*EXERCISE DIRECTIONS*: In the records below, locate the line containing "2019 Nissan Maxima", then extract it and all following lines exactly, ending with the last line.
##############################
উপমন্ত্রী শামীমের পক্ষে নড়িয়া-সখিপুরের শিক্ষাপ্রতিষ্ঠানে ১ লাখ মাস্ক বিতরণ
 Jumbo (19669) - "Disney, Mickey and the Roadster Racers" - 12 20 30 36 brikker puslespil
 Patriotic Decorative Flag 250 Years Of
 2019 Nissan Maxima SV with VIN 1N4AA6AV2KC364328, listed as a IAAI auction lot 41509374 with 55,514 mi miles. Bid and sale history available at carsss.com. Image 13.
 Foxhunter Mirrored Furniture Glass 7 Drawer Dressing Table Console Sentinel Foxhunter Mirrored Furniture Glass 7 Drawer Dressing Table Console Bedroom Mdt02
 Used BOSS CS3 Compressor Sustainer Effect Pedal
##############################
*EXERCISE RESULT*:
 2019 Nissan Maxima SV with VIN 1N4AA6AV2KC364328, listed as a IAAI auction lot 41509374 with 55,514 mi miles. Bid and sale history available at carsss.com. Image 13.
 Foxhunter Mirrored Furniture Glass 7 Drawer Dressing Table Console Sentinel Foxhunter Mirrored Furniture Glass 7 Drawer Dressing Table Console Bedroom Mdt02
 Used BOSS CS3 Compressor Sustainer Effect Pedal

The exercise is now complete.